*** Begin section ***
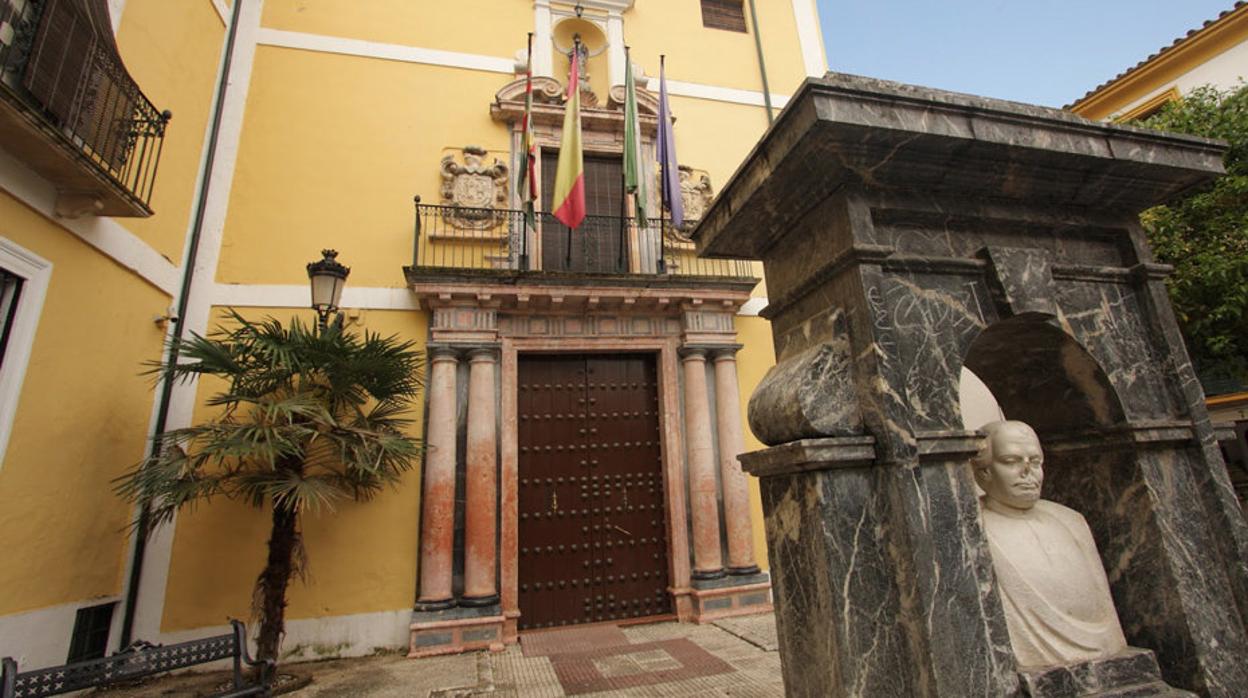 Portada principal del Instituto Aguilar y Eslava con el busto del fundador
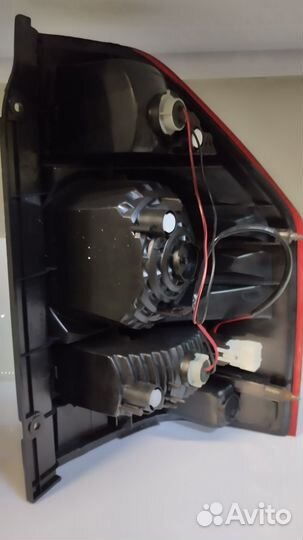 Фонарь задний внешний левый на Паджеро 3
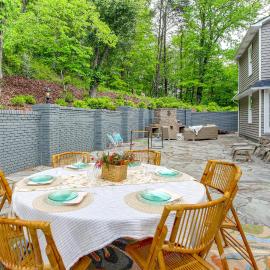 Walk to Main St! 4-Acre Family Escape in London, hotel u gradu London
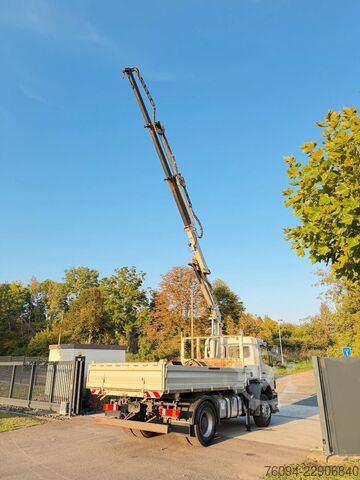 Trostrani kiperski kamion MERCEDES-BENZ Axor 1833 4x2 Kipper Kran 13m FUNK AHK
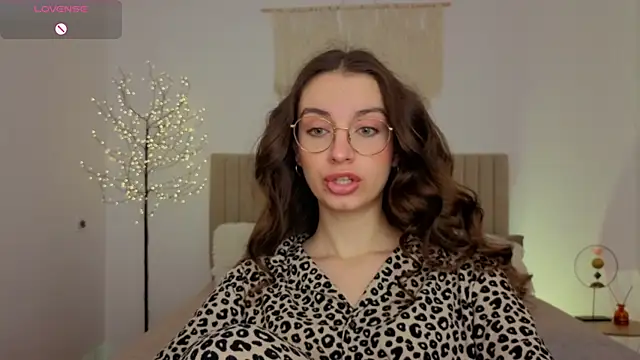 Real cutie1 online show from May 28, 2026, 12:46 pm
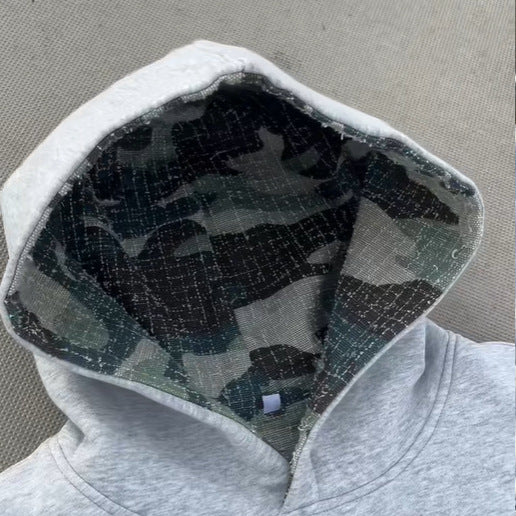 Damska bluza z kapturem z nowoczesnym camouflage wewnętrznym Eloura-Moda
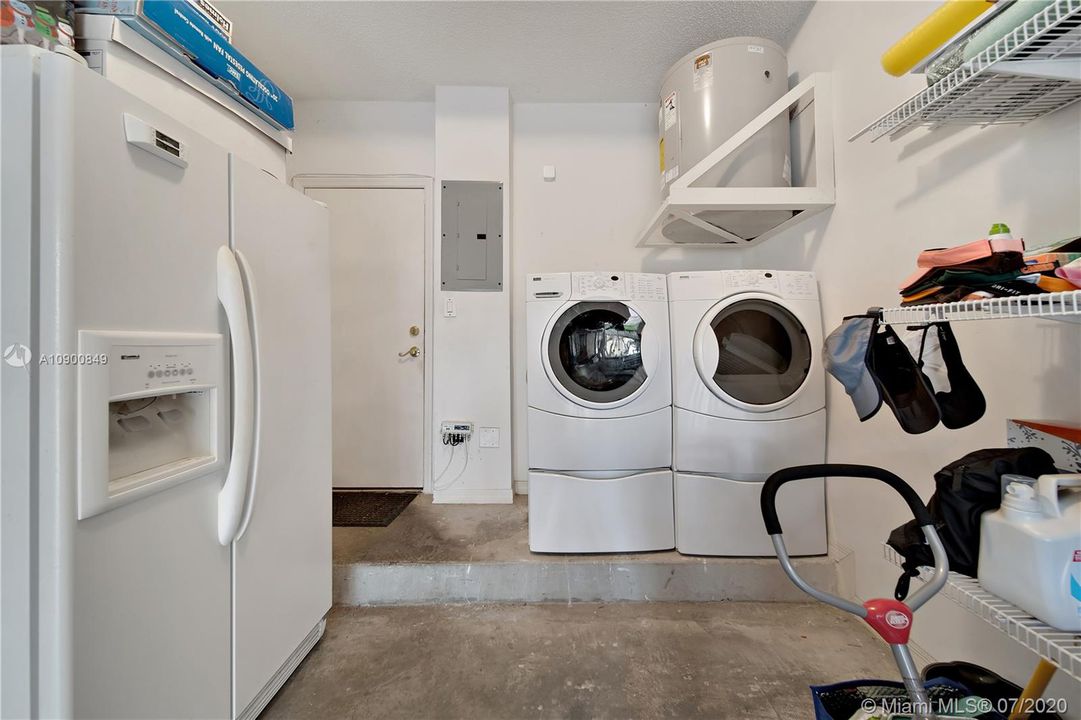 Vendido Recientemente: $399,500 (3 camas, 2 baños, 2015 Pies cuadrados)
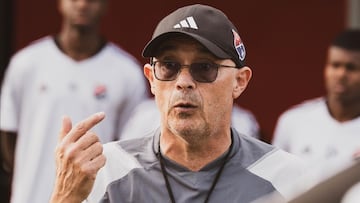 Alfredo Arias, técnico del Medellín, habla en rueda de prensa y se refiere a Santa Fe
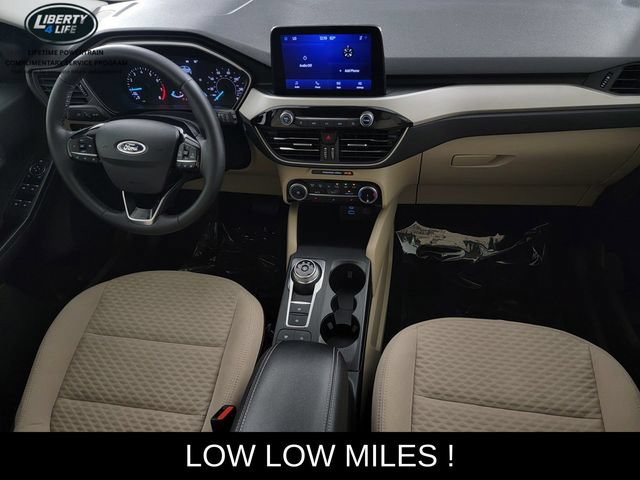 Used 2022 Ford Escape SE w/ Cold Weather Package FWD image 34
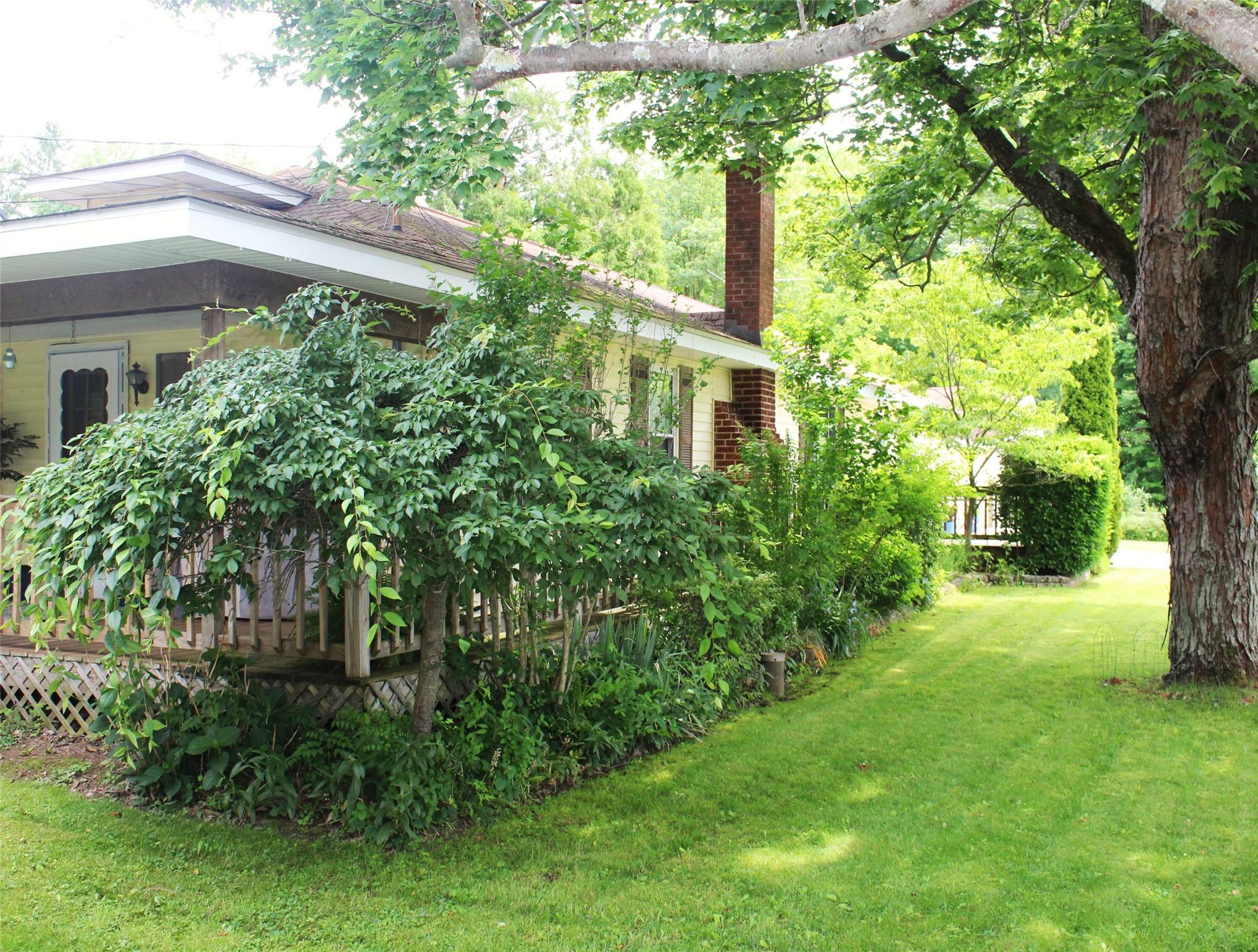 Image 4: Side of Home
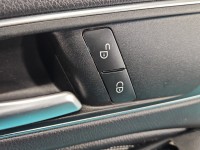 Tapicerka drzwi przód lewa boczek MERCEDES W176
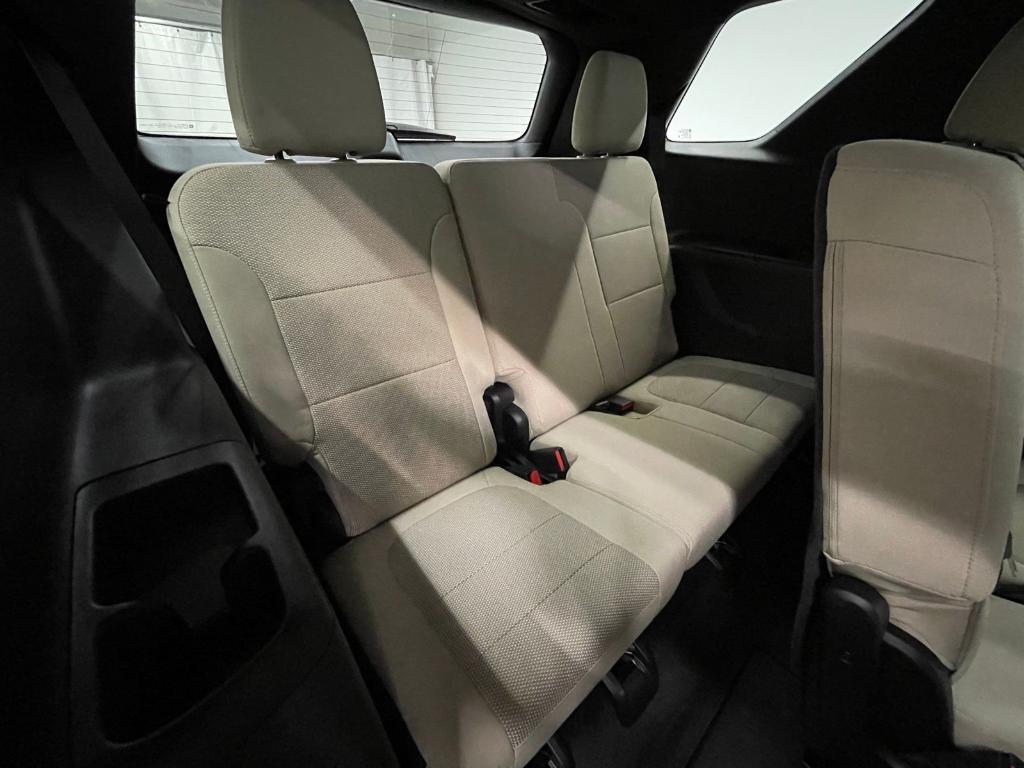 used 2023 Chevrolet Traverse car, priced at $29,500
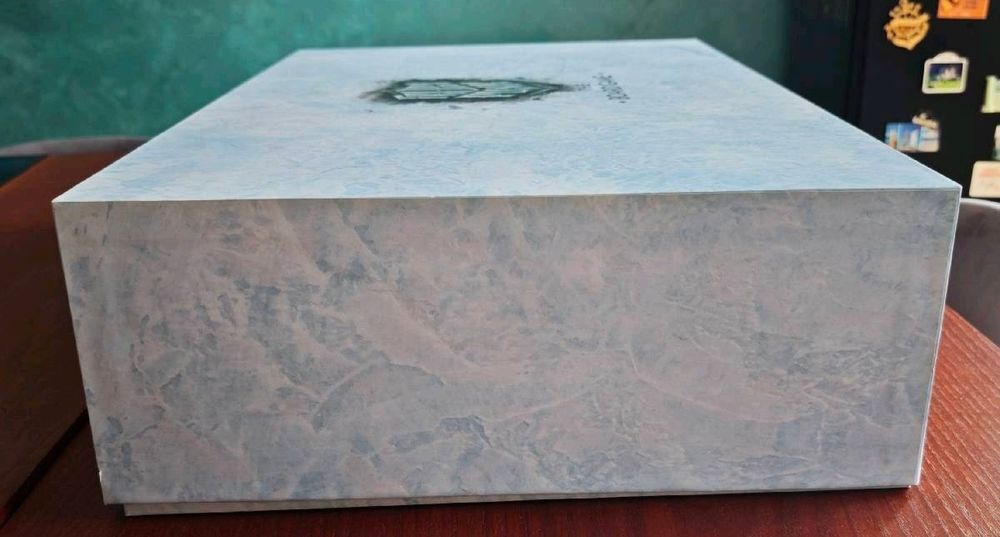 The Iceberg Box - BigBox do gry Frostpunk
*** End section ***
**PROBLEM DESCRIPTION**
When printing the entries, leave out the images and keep everything else exact.

**EXERCISE RESPONSE**
 Portada principal del Instituto Aguilar y Eslava con el busto del fundador
 Фонарь задний внешний левый на Паджеро 3
 Walk to Main St! 4-Acre Family Escape in London, hotel u gradu London
 Trostrani kiperski kamion MERCEDES-BENZ Axor 1833 4x2 Kipper Kran 13m FUNK AHK
 Real cutie1 online show from May 28, 2026, 12:46 pm
 Damska bluza z kapturem z nowoczesnym camouflage wewnętrznym Eloura-Moda
 Vendido Recientemente: $399,500 (3 camas, 2 baños, 2015 Pies cuadrados)
 Alfredo Arias, técnico del Medellín, habla en rueda de prensa y se refiere a Santa Fe
 Used 2022 Ford Escape SE w/ Cold Weather Package FWD image 34
 Image 4: Side of Home
 Tapicerka drzwi przód lewa boczek MERCEDES W176
 used 2023 Chevrolet Traverse car, priced at $29,500
 The Iceberg Box - BigBox do gry Frostpunk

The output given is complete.